Sunday, March 17, 2024

Ms. Hen reviews Hereafter The Telling Life of Ellen O'Hara


 

Hereafter: The Telling Life of Ellen O'Hara

Vona Groarke

New York University Press

2022


Ms. Hen learned about this book, and decided to read it because it's about an Irish immigrant that came to the United States in the 1880s, and that's around the time that Ms. Hen's great-grandparents came to America. It's a woman's story, and it's about a woman who was ordinary, not someone famous or rich, simply someone who did the best she could to get by.

This is a nonfiction book written by Ellen O'Hara's great-granddaughter. She investigates her great-grandmother's life by finding records in New York of when she arrived, when she got married, and her transit records going back and forth to Ireland. The author includes quotes from people about this time period, and the documents where she found evidence of her great-grandmother's life.

Ellen O'Hara arrived in New York, and worked as a servant, one of the only occupations available to Irish women at that time. She saved money, and sent it home to her family. She got married to John Grady, and she had two children, but he disappeared. He left, but she fabricated a story was that he died in a subway accident, which was what Ellen told her family so she would not have the shame of a husband who left her.

She takes her children back to Ireland to live with her parents, because she had no one to help her in New York, and she had to work. She works, and saves every penny, and eventually opens a boarding house for Irish men. She brings her children back to New York twelve years later. She is proud of her boarding house, and she takes care of the young men who stay with her.

This is not the typical book that Ms. Hen reads. It's told through scenes that the author imagines that her great-grandmother experiences, and some poetry, and records and advertisements. Ms. Hen thinks this is a lovely way to write a book, and to try to imagine how these people lived over one hundred years ago.

A lot of prejudice existed against Irish people back then, the English thought they were dirty, and uneducated, but the young women sent money home to their families, and raised Ireland up, and the author proposed that this is what helped Ireland survive, and flourish.
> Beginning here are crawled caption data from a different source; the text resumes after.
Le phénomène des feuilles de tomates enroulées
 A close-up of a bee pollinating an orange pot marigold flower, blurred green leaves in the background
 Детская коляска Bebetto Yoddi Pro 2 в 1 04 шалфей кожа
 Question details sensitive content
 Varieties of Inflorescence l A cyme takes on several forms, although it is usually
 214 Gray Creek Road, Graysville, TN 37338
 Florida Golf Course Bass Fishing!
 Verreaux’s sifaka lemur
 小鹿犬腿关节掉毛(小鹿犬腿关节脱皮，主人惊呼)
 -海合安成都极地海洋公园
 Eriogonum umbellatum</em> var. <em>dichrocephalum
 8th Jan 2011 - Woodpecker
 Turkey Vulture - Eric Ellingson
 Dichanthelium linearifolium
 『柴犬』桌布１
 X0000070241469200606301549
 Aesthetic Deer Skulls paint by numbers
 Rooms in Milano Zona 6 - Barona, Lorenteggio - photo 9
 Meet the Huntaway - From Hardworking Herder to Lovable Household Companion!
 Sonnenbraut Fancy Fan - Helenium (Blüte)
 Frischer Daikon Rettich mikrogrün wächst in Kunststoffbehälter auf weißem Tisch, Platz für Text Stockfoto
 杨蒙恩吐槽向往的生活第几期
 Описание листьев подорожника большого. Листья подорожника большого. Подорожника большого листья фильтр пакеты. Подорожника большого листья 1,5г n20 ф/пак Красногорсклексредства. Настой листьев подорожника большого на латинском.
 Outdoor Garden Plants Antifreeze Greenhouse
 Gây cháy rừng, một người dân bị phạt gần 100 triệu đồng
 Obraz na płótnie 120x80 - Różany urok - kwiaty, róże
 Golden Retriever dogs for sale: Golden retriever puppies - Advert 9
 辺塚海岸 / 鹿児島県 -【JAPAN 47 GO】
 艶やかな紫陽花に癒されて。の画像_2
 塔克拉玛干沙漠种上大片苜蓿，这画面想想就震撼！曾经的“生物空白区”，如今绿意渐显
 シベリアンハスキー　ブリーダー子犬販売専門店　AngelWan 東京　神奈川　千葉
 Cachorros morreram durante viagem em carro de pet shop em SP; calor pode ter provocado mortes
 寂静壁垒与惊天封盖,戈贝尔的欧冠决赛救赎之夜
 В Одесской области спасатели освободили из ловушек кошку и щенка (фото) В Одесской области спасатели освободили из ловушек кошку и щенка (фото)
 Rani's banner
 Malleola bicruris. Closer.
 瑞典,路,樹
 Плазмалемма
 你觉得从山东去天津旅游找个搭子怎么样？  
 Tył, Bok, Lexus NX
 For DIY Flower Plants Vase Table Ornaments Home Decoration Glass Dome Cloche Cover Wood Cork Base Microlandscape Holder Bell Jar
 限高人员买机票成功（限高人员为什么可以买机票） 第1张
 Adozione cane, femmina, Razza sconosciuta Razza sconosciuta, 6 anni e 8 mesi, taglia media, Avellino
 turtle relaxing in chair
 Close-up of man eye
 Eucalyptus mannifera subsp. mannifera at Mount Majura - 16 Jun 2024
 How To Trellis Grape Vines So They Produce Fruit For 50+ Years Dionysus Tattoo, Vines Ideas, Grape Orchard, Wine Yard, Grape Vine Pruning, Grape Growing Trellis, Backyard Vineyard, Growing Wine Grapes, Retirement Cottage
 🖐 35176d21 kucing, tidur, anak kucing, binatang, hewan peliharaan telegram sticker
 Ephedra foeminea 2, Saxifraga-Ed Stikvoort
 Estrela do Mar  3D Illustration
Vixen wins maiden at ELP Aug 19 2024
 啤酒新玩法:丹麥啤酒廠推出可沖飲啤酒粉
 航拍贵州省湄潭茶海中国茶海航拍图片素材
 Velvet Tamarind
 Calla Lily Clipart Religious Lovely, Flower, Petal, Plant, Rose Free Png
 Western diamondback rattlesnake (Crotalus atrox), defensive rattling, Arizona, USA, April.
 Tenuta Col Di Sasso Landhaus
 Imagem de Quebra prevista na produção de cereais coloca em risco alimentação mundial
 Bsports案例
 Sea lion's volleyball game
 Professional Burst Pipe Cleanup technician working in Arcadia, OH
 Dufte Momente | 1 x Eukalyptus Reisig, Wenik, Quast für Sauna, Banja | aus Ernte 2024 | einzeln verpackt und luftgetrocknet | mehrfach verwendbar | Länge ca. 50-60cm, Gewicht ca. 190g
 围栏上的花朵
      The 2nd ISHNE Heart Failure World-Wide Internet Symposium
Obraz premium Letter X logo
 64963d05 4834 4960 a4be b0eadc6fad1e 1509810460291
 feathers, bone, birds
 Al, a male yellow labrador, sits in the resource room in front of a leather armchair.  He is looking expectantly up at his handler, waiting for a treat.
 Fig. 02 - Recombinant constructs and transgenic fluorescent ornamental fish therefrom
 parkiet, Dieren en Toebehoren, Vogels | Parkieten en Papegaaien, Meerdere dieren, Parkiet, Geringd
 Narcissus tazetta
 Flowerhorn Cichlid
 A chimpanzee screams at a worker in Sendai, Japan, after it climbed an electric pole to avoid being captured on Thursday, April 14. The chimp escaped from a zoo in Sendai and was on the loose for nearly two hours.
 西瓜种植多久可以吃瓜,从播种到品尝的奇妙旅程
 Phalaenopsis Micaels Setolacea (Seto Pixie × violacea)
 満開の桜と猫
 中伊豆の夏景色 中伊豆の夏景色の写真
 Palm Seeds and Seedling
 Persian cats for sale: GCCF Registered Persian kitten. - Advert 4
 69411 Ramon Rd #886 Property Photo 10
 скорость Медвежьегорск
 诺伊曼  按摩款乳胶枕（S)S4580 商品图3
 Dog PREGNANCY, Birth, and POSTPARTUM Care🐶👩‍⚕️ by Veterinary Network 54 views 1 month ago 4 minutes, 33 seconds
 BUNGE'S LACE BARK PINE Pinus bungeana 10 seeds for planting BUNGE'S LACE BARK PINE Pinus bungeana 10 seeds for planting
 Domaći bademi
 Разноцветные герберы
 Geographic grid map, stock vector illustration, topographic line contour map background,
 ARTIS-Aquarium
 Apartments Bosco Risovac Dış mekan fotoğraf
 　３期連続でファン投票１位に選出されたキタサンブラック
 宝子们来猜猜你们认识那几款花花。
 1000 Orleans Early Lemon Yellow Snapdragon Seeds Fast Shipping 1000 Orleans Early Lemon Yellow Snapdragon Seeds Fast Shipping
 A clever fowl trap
Things have changed, and nobody is prejudiced against Irish people now in this country, and everyone seems to have forgotten how things used to be.

Today is Saint Patrick's Day, and Ms. Hen is celebrating quietly, thinking about how much the world has changed, and how it still has a long way to go, and she's grateful that her ancestors came here, and she has had opportunities that America has given her, and she has given herself.